* [Data]
....

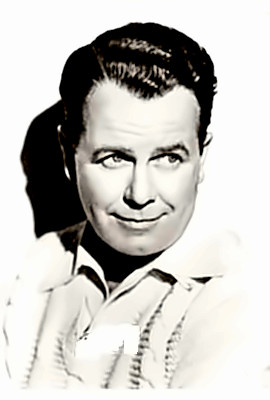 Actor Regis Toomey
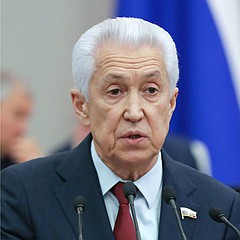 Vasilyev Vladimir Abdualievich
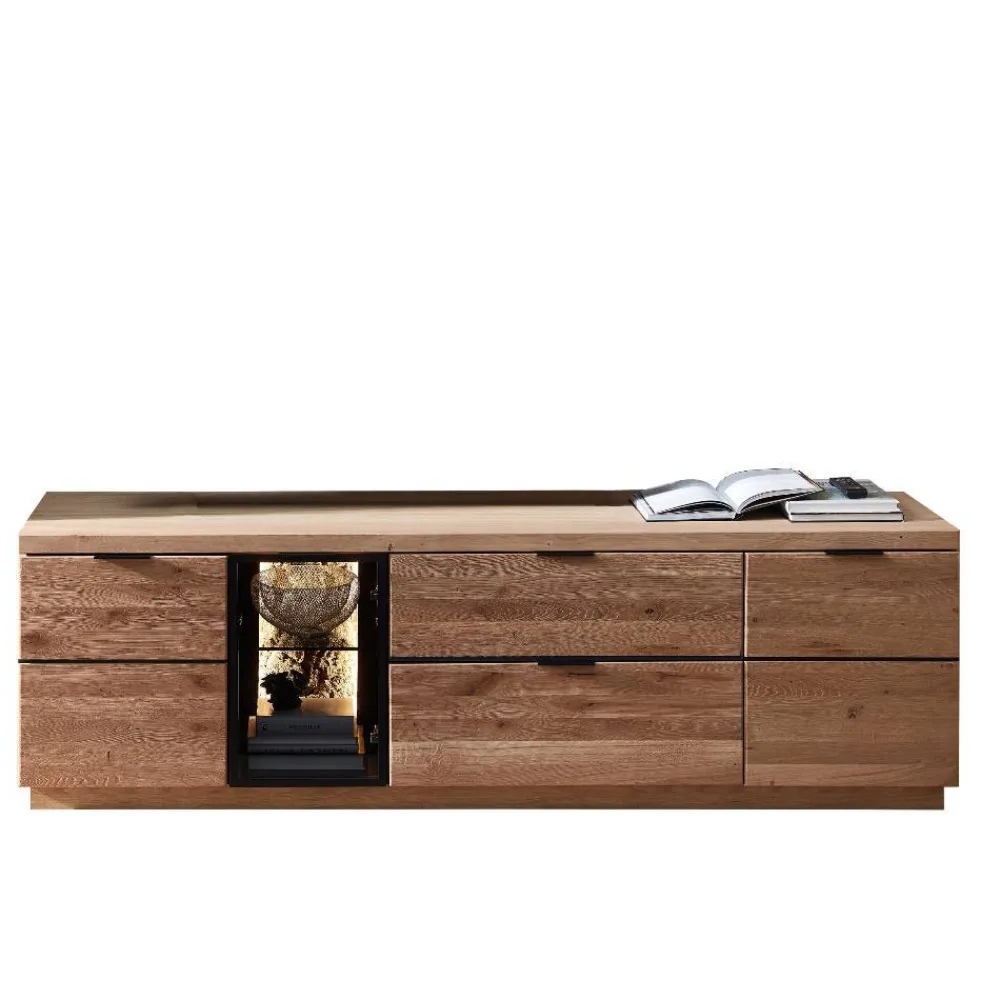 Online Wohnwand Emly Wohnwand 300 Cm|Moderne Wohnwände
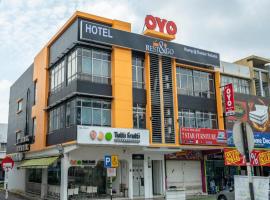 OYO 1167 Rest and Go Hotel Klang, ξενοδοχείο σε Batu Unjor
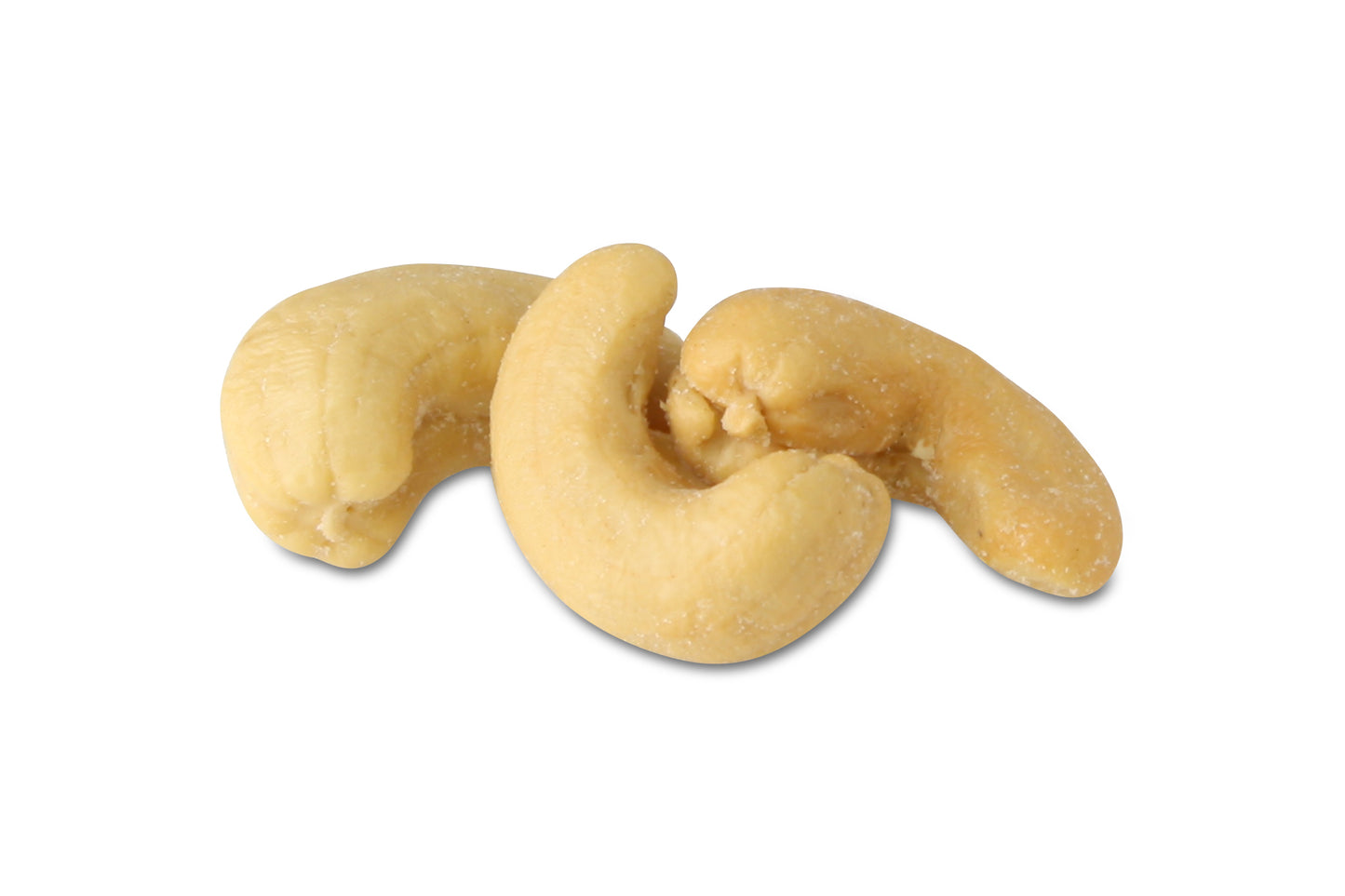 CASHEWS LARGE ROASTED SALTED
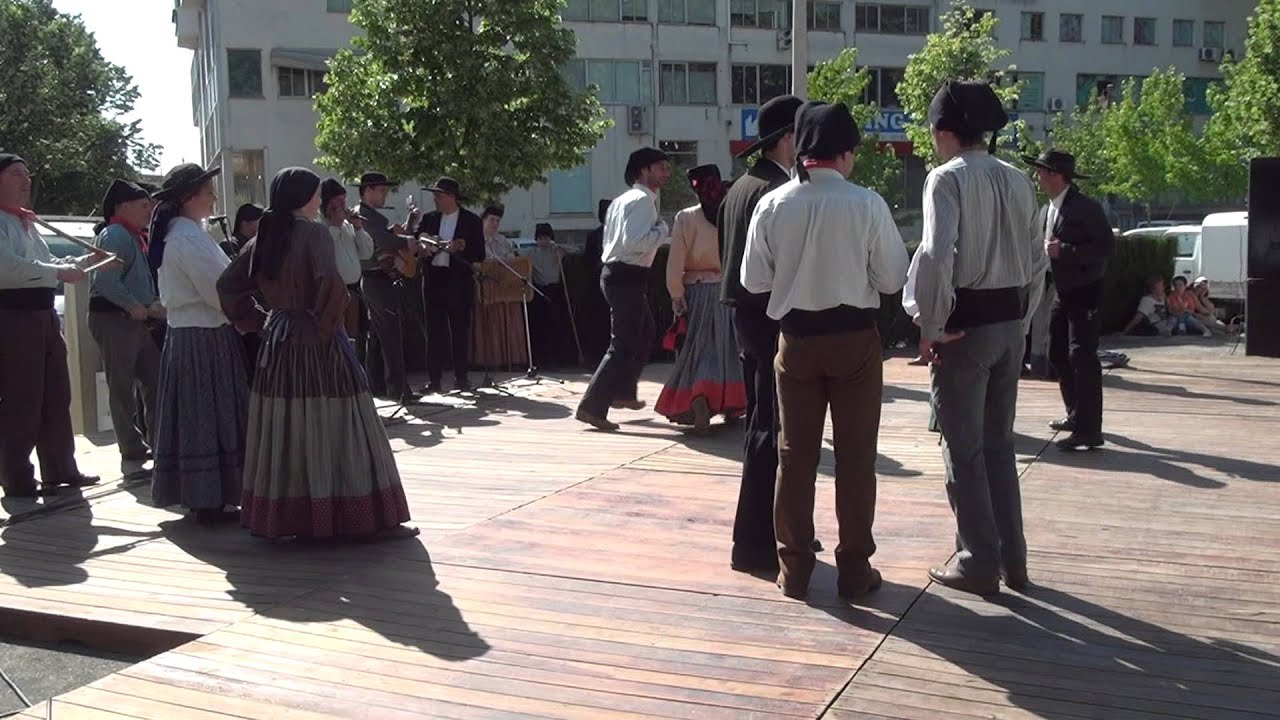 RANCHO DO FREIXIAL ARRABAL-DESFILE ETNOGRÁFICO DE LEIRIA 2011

....

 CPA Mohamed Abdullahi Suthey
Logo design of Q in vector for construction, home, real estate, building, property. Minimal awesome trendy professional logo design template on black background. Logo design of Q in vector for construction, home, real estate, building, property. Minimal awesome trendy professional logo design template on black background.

....

* [Directions]
Of the lines above, copy only those from the one holding "Actor Regis Toomey" to the one holding "RANCHO DO FREIXIAL", both included, and exclude every image.

* [Response to this exercise]
 Actor Regis Toomey
 Vasilyev Vladimir Abdualievich
 Online Wohnwand Emly Wohnwand 300 Cm|Moderne Wohnwände
 OYO 1167 Rest and Go Hotel Klang, ξενοδοχείο σε Batu Unjor
 CASHEWS LARGE ROASTED SALTED
 RANCHO DO FREIXIAL ARRABAL-DESFILE ETNOGRÁFICO DE LEIRIA 2011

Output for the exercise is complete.